Finally, I connected the RS-232 compatible signal to the DCD pin (but CTS would have worked too).
The whole circuit was constructed on a breadboard with the OCXO floating in the air on its wires. Power was supplied with an iPhone 5V USB power supply. Overall, it was a very quick and dirty construction to see how well it would work.
Software
My server runs FreeBSD with chrony as the NTP daemon. The configuration is really simple.
First, setting dev.uart.0.pps_mode to 2 informs the kernel that the PPS signal is on DCD (see uart(4)).
Second, we need to tell chrony that there is a local PPS on the port:
refclock PPS /dev/cuau0 local
The local token is important. It tells chrony that the PPS is not synchronized to UTC. In other words, that the PPS can be used as a 1 Hz frequency source but not as a phase source.
Performance
I ran my server with this PPS refclock for about 50 days with chrony configured to log the time offset of each pulse and to apply filtering to every 16 pulses. (This removes some of the errors related to serial port interrupt handling not being instantaneous.) The following evaluation uses only these filtered samples as well as the logged data about the calculated system time error.
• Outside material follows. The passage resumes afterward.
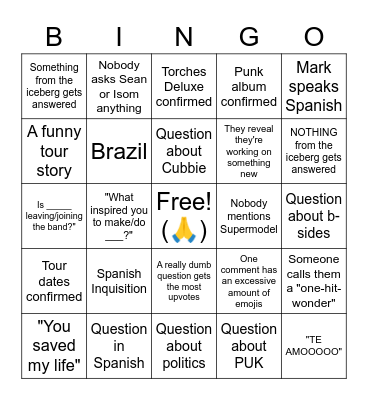 FTP AMA Bingo Sheet Bingo Card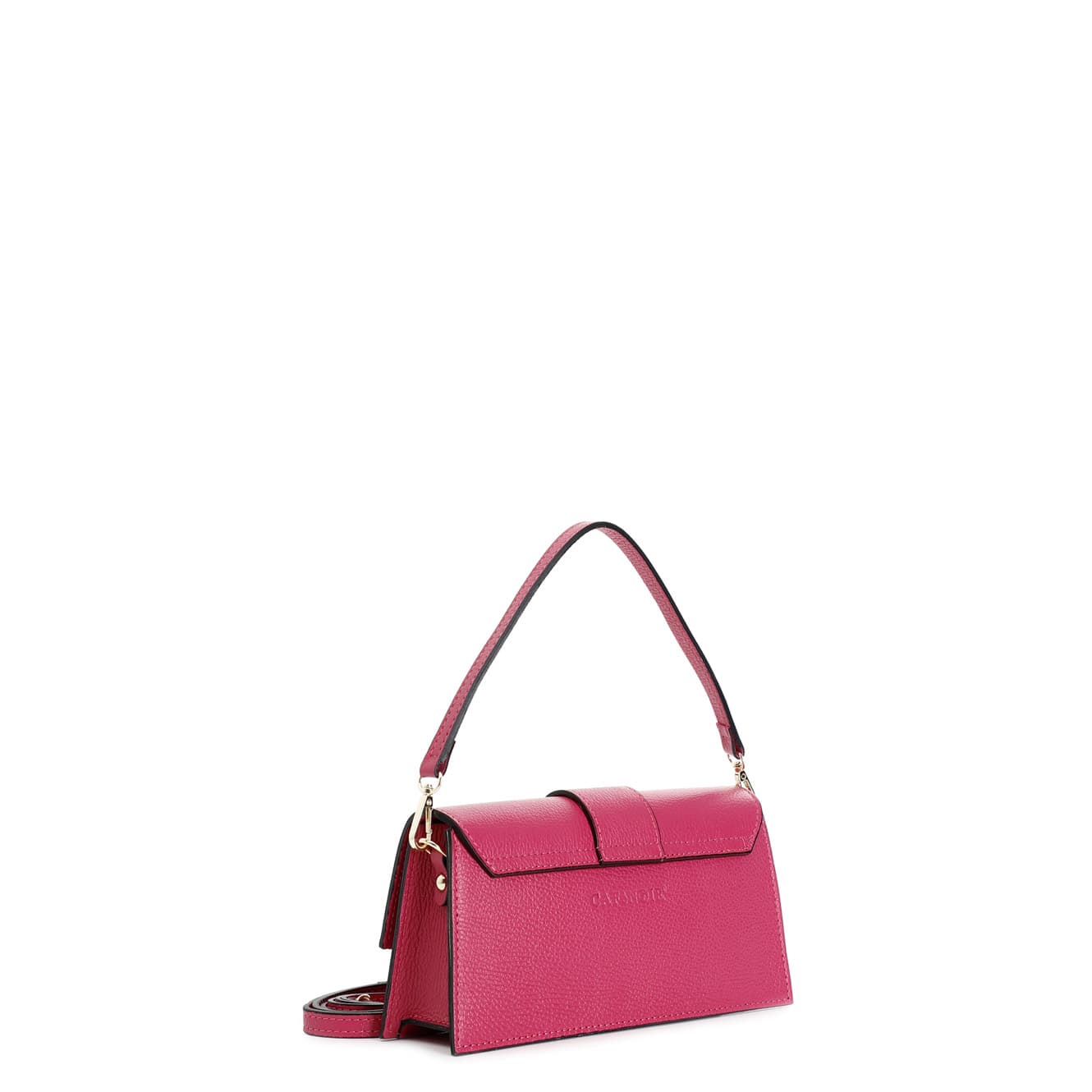 Minibag rigida in pelle martellata con pattina fuxia — vista 2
In addition to the PPS, chrony used several NTP servers from the internet (including the surprisingly good time.cloudflare.com) for the date and time-of-day information. This is a somewhat unfortunate situation when it comes to trying to figure out how good of an oscillator the OCXO is, as to make good conclusions about one oscillator one needs a better quality oscillator for the comparison. However, there are still a few things one can look at even when the (likely) best oscillator is the one being tested.
NTP Time Offset
The ultimate goal of a PPS source is to stabilize the system’s clock. Did the PPS source help? I think it is easy to answer that question by looking at the remaining time offset (column 11 in chrony’s tracking.log) over time.
This is a plot of 125 days that include the 50 days when I had the PPS circuit running. You can probably guess which 50 days. (The x-axis is time expressed as Modified Julian Date, or MJD for short.)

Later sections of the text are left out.